Rather ironically, their accusation of “political witch-hunt” is helped by the “seeming” reluctance of the government to extend similar treatment to members of the cabinet alleged to have dipped their hands in the coffers of the respective state governments they had superintended for many years.

While there should be no “selective investigation” of financial malpractice in government (or elsewhere), the purveyors of the argument of government’s politically-motivated investigations are in deliberate denial or engaging in selective amnesia.

The ongoing sweeping and widespread investigations by the Economic and Financial Crimes Commission (EFCC) (with complementary activities by the Independent Corrupt Practices (and Other Related Offences) Commission (ICPC) and Department of State Services (DSS)) are directed at those accused of sharing in the $2.1 billion earmarked for the fight against Boko Haram insurgents that occupied three Northeast states of Borno, Yobe and Adamawa in the last few years.

Indeed, revelations from investigations by the EFCC have shown that, save for a few co-opted individuals from outside, only members of the previous administration at the centre, who incidentally are now in the opposition, participated in the sharing of the huge amount budgeted for the fight against Boko Haram.

Initially when the EFCC turned on the heat, many of the people under the radar sold the seed of doubt and confusion, by outrightly denying they had anything to do with the grave allegations against them. They quickly followed with the accusation of being witch-hunted politically.

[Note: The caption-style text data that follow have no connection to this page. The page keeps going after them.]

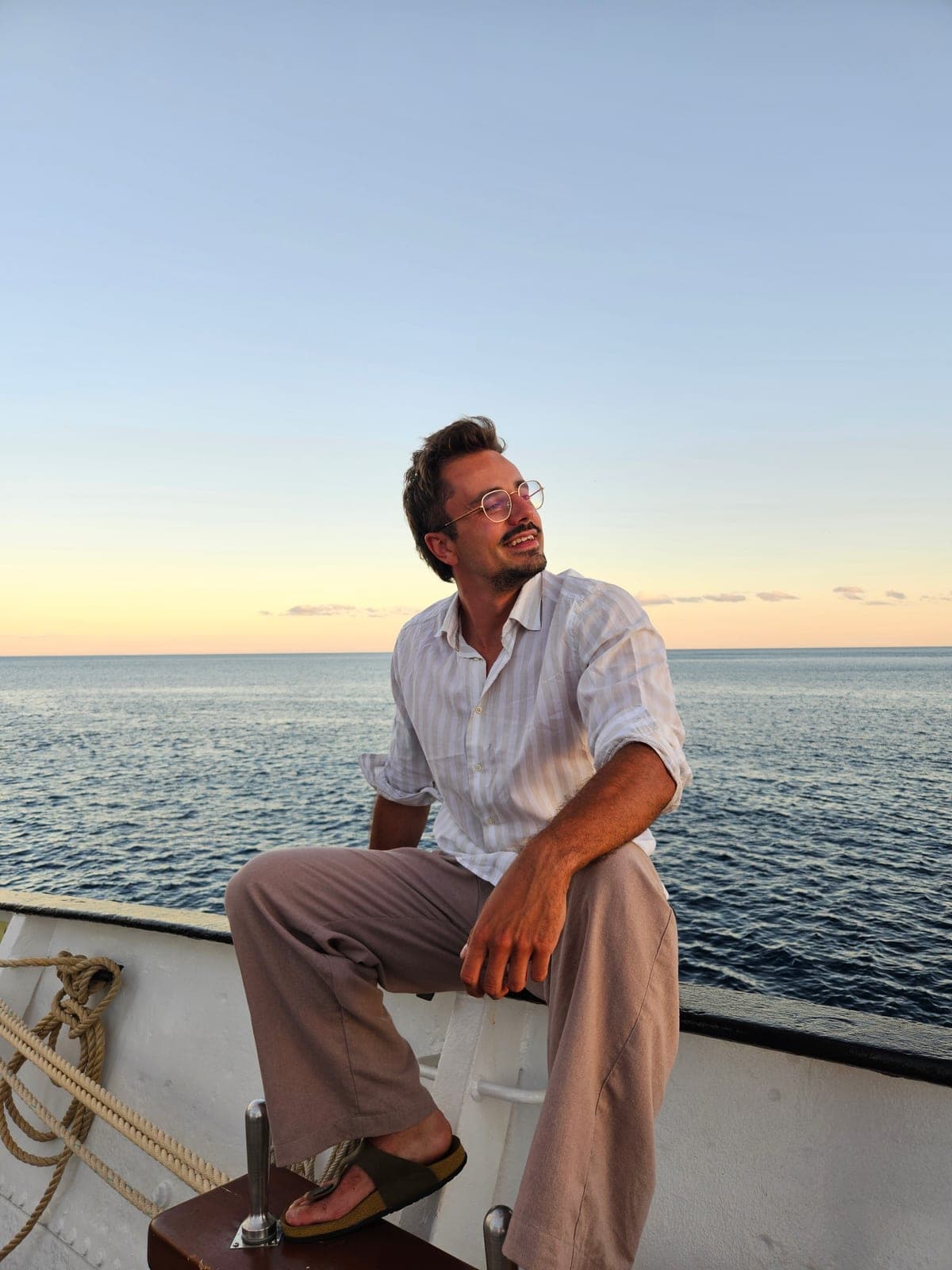 Tolek on board a tall ship at sunset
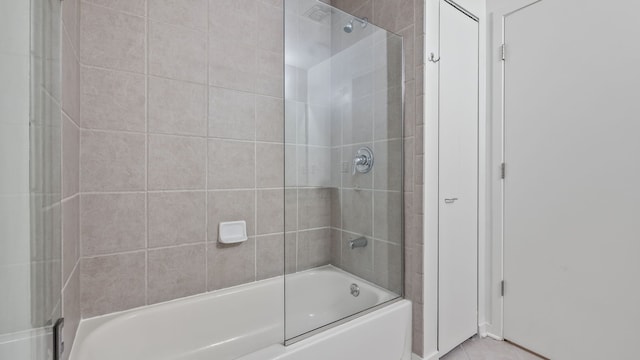 bathroom with combined bath / shower with glass door and tile patterned floors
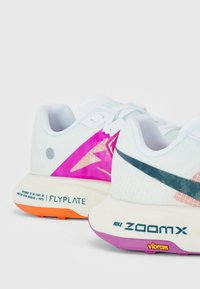 Chaussures de course blanches Nike montrant un gros plan des talons avec logos roses et noirs, marquage Flyplate et ZoomX, et semelles orange et violettes.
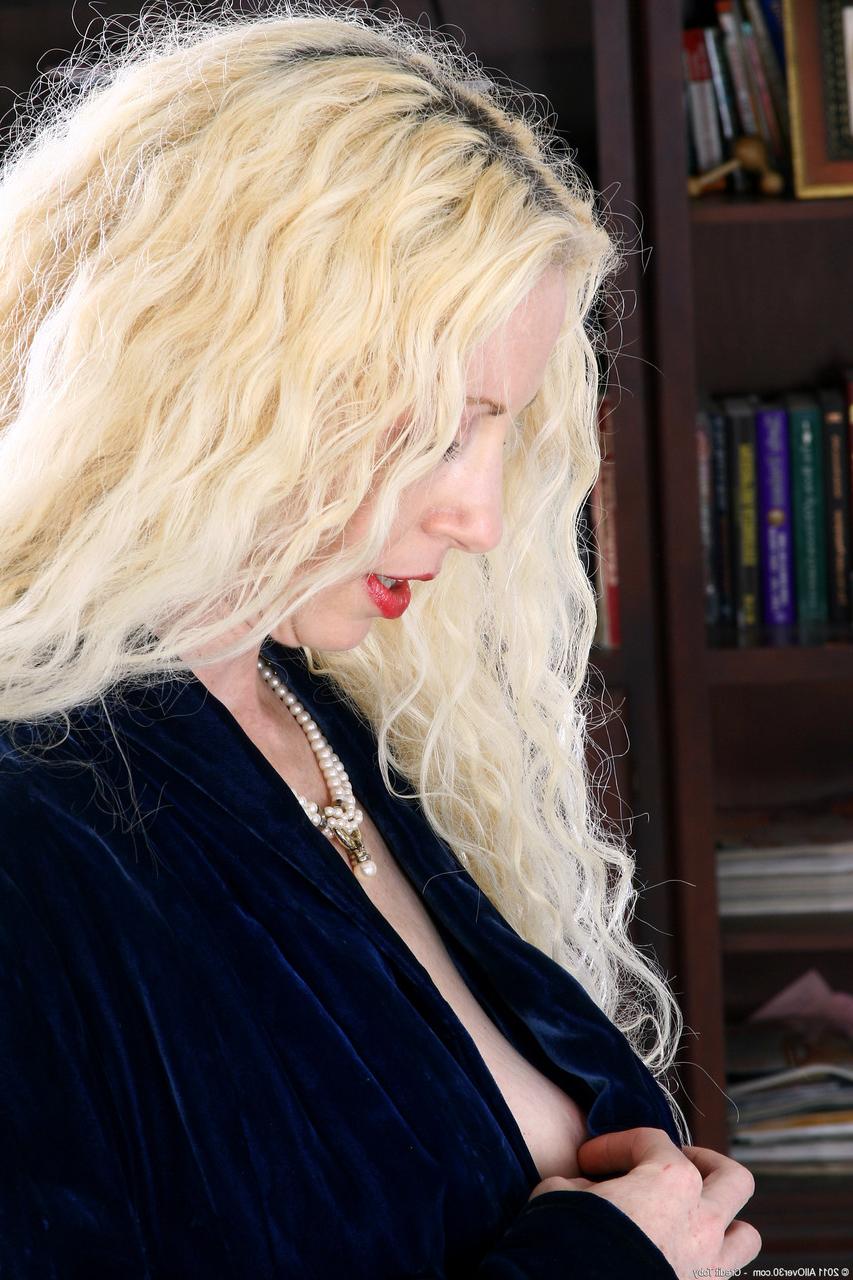 20P Curly-haired MILF Lilly shows her big tits and hairy holes in a solo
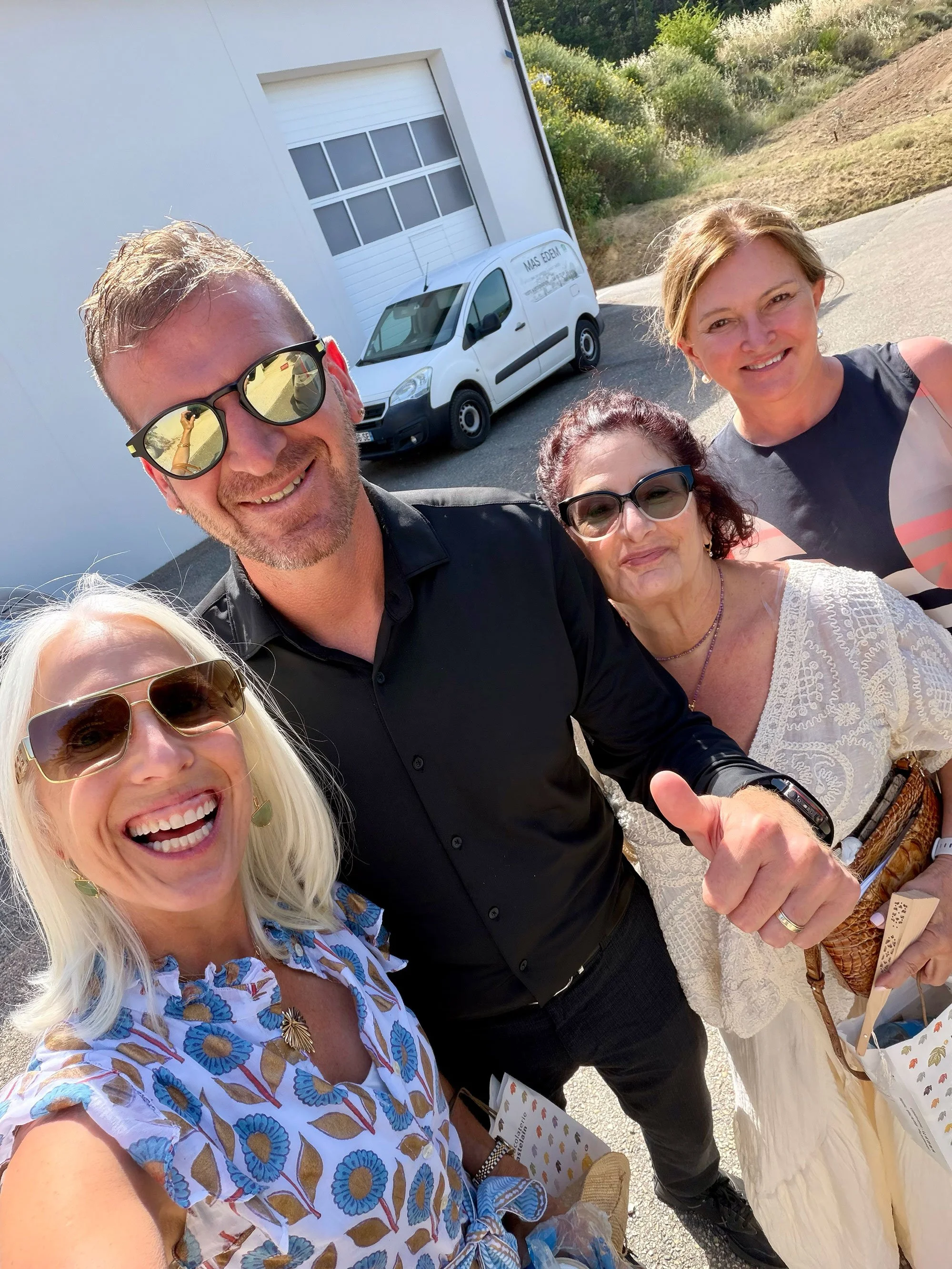 Group selfie of four smiling people, three women and one man, outdoors on a sunny day. One woman wears sunglasses and a floral dress; another woman wears glasses and a cream lace top; the third woman has light hair and wears a sleeveless top. The man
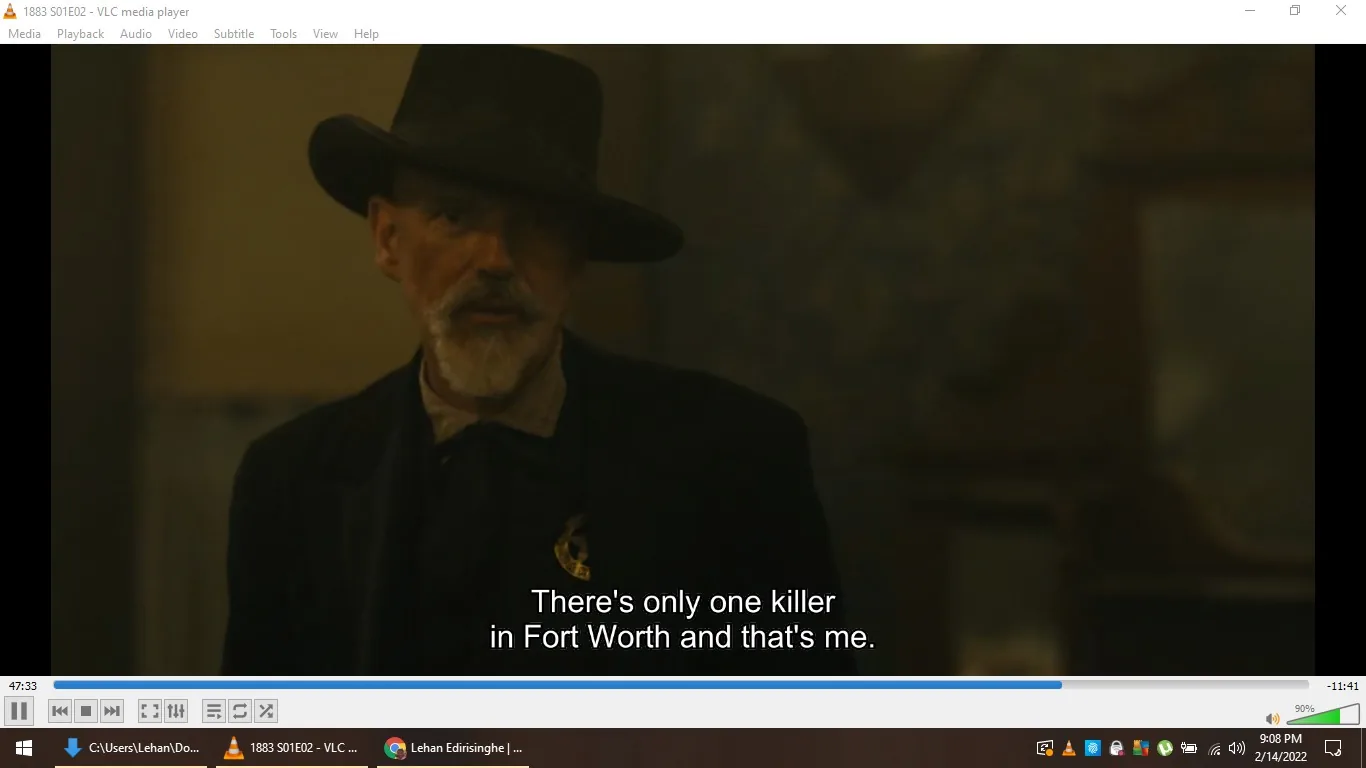 In this image, the scene is from the television series "1883," featuring Sheriff Jim Courtright, played by Billy Bob Thornton. The character is depicted indoors, enveloped in a dramatic and tense atmosphere. He sports a dark hat with a wide brim and a matching suit, projecting an authoritative and rugged demeanor typical of Western dramas. The lighting is dim, highlighting his serious expression as he declares, "There's only one killer in Fort Worth and that's me," underscoring his formidable presence. The video's interface indicates it is being played on VLC media player, with the progress bar and media controls visible at the bottom. This setting and the character's attire contribute to the historical and dramatic tone of the series, immersing the viewer in the gritty world of the American frontier.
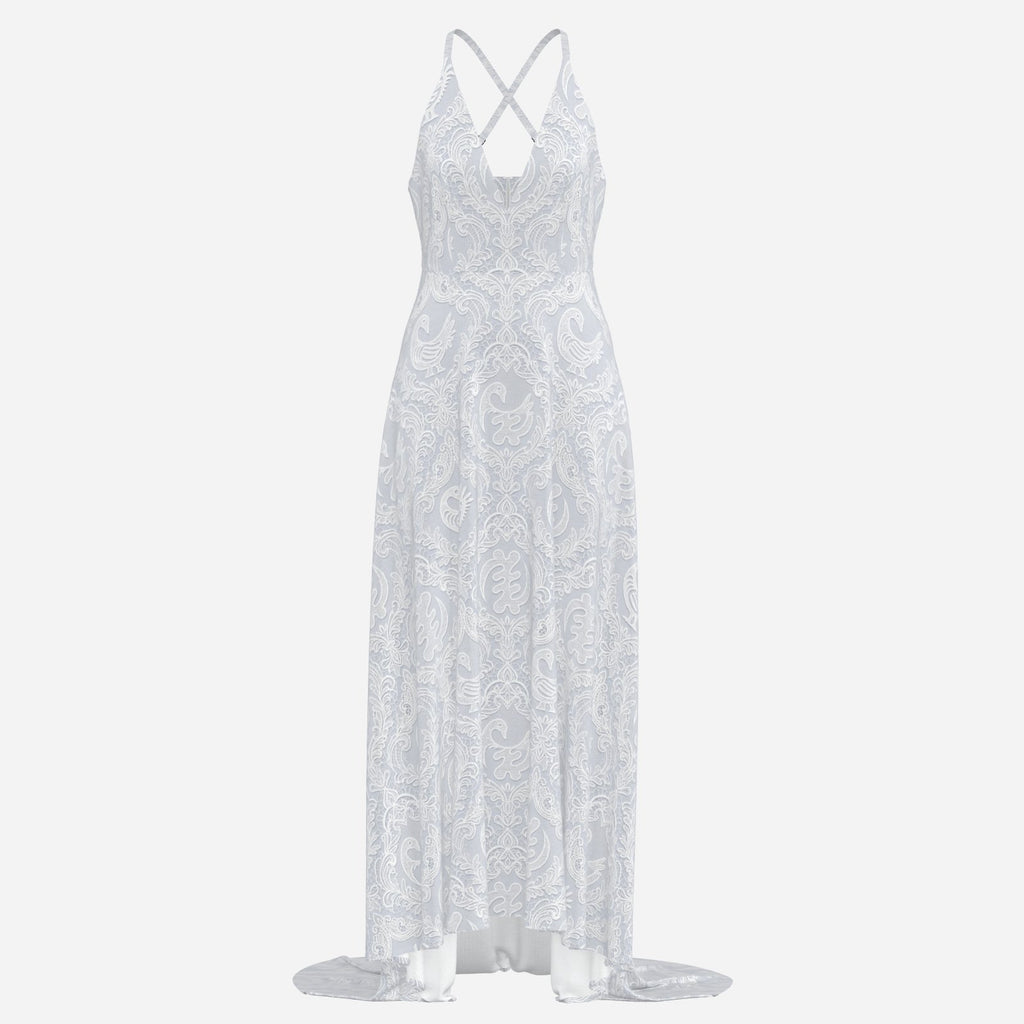 A statement Sankofa lace maxi dress featuring a deep V-neck, cross-back straps, and Teddy Blaze cultural textile design. Afrocentric luxury with modern fashion house energy.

When the EFCC persisted in the charges against them, the tune changed to: “I did not receive any money from the Office of the former National Security Adviser (NSA).” “I did not know the money was from the NSA account with the Central Bank of Nigeria (CBN).” “The amount alleged is not correct.” “I did some work for former President Goodluck Jonathan, for which I was paid.”

Yet, as they were being declared wanted for failing to report themselves to or taken in by the anti-graft agency, virtually all the suspects maintained their innocence, with many of the them preferring they were charged to court, which would inevitably grant them bail, and thus secure the latitude and freedom to continue in their obstinate denial of culpability in the alleged financial crime.

But their recalcitrance was not to last, as confinement began to take a toll on their psychological, mental and physical wellbeing. And there came admission by a few of them: “Actually, I received the alleged sum, and I’m ready to refund part or all, to secure my freedom from incarceration.”

With this development, most Nigerians, who were up in arms against the government of President Muhammadu Buhari, which the indicted politicians blamed for their “harassment” on ground of alleged political differences, began to witness the ‘mother of all confessions’ in the participation in sharing of the money allocated for combating the Boko Haram scourge.

True to their word, some suspects had returned all or part of their shares of the loot, while several others, “who have seen the light,” are now in the forefront of crusading for the anti-corruption war of the government they had derided to no end.

Lessons: Without the staunch stand in the fight against corruption, which forms a major plank of the Buhari administration, our perception wouldn’t have turned into reality. Nigerians wouldn’t have believed that:

• Politicians could be forced to return illegally acquired/obtained money from the treasury.

• Many politicians, Judges and officials of the Independent National Electoral Commission (INEC) are bedfellows in financial compromises.

• Supervisory bodies (National Judicial Council (NJC) and INEC) of these officials could, at least, bar them from official engagements in their respective areas of jurisdiction until they prove their innocence of the allegations against them. (The NJC and INEC sanctions are particularly heart-warming, as these officials have turned elections into a honey pot.)

So, isn’t it time all Nigerians joined the train, and give government the needed tailwind in the war against corruption, instead of fanning the embers of sectional, tribal or political antagonism?

And it no longer pays to sit on the fence. Actually, the fight must begin with me!

Ezomon, Journalist and Media Consultant, lives in Lagos.